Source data
++++++++++++++++++++

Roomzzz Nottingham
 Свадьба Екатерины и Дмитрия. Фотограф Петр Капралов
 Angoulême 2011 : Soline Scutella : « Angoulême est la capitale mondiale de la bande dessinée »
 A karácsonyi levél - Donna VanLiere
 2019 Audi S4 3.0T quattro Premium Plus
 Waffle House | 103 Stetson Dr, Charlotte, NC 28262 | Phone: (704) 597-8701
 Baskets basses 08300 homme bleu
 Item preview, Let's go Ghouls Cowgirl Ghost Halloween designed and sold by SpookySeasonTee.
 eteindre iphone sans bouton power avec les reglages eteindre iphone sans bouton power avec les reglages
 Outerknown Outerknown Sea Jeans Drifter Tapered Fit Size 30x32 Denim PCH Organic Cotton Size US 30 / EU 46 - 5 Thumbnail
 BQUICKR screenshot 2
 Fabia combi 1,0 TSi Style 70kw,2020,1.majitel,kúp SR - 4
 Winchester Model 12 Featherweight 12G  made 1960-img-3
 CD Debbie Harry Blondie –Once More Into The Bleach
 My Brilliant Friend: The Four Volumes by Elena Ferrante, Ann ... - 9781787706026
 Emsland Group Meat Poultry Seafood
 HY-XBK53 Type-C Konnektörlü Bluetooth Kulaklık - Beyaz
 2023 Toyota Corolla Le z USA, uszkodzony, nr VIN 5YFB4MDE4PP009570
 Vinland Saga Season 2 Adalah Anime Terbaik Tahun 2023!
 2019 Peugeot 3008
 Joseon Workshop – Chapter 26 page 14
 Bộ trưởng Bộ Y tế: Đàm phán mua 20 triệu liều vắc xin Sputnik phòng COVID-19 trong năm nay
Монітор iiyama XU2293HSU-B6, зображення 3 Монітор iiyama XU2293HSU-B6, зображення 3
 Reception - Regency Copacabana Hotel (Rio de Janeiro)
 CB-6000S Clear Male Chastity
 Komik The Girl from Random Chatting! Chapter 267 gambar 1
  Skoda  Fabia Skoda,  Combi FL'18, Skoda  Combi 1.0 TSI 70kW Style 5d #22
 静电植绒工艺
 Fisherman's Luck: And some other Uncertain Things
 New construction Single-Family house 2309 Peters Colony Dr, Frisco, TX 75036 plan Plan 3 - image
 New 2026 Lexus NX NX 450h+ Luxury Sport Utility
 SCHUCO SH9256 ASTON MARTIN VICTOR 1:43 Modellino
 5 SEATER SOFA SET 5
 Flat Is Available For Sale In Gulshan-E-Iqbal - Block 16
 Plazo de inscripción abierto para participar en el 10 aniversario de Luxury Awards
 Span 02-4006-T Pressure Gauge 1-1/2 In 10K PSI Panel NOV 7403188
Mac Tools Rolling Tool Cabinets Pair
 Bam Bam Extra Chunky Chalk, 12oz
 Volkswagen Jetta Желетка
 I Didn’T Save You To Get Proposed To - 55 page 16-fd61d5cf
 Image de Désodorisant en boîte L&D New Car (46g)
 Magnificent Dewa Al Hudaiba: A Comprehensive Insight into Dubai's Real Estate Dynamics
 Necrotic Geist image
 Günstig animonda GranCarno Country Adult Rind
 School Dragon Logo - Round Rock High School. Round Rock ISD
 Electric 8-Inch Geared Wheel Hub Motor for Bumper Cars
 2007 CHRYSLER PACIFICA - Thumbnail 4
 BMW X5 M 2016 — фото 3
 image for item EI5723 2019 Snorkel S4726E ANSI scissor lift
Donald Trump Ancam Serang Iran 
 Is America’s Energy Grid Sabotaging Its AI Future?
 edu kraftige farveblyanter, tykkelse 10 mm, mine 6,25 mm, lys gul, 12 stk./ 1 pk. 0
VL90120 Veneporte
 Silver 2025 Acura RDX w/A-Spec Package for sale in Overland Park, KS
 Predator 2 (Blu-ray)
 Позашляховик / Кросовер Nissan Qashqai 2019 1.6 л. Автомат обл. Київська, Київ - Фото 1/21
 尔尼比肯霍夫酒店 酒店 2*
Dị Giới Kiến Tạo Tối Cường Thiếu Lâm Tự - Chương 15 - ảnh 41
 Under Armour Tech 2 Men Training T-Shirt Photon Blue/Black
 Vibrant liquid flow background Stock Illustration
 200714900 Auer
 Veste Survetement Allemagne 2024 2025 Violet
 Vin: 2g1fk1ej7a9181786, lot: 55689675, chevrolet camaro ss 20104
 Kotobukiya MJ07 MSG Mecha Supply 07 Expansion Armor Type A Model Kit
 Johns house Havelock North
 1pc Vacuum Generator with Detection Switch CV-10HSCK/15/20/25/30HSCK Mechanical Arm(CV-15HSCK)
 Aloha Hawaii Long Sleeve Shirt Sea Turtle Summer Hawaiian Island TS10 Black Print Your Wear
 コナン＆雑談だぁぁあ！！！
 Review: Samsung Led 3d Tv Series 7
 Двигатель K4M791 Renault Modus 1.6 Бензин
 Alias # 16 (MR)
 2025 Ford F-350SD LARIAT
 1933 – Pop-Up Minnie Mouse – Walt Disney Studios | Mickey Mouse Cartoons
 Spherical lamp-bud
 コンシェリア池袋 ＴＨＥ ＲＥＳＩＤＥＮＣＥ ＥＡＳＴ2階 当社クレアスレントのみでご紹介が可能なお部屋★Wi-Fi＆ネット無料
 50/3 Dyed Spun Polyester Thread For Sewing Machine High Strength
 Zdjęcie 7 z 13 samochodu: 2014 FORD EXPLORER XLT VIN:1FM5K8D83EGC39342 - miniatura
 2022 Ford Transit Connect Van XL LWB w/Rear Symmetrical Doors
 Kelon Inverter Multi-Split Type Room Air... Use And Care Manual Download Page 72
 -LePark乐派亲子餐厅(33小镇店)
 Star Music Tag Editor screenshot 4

++++++++++++++++++++

### [WHAT IS EXPECTED]
Copy each line of the entries in which the string "Chapter" is found.

### [RESPONSE FOR THIS EXERCISE]
 Joseon Workshop – Chapter 26 page 14
 Komik The Girl from Random Chatting! Chapter 267 gambar 1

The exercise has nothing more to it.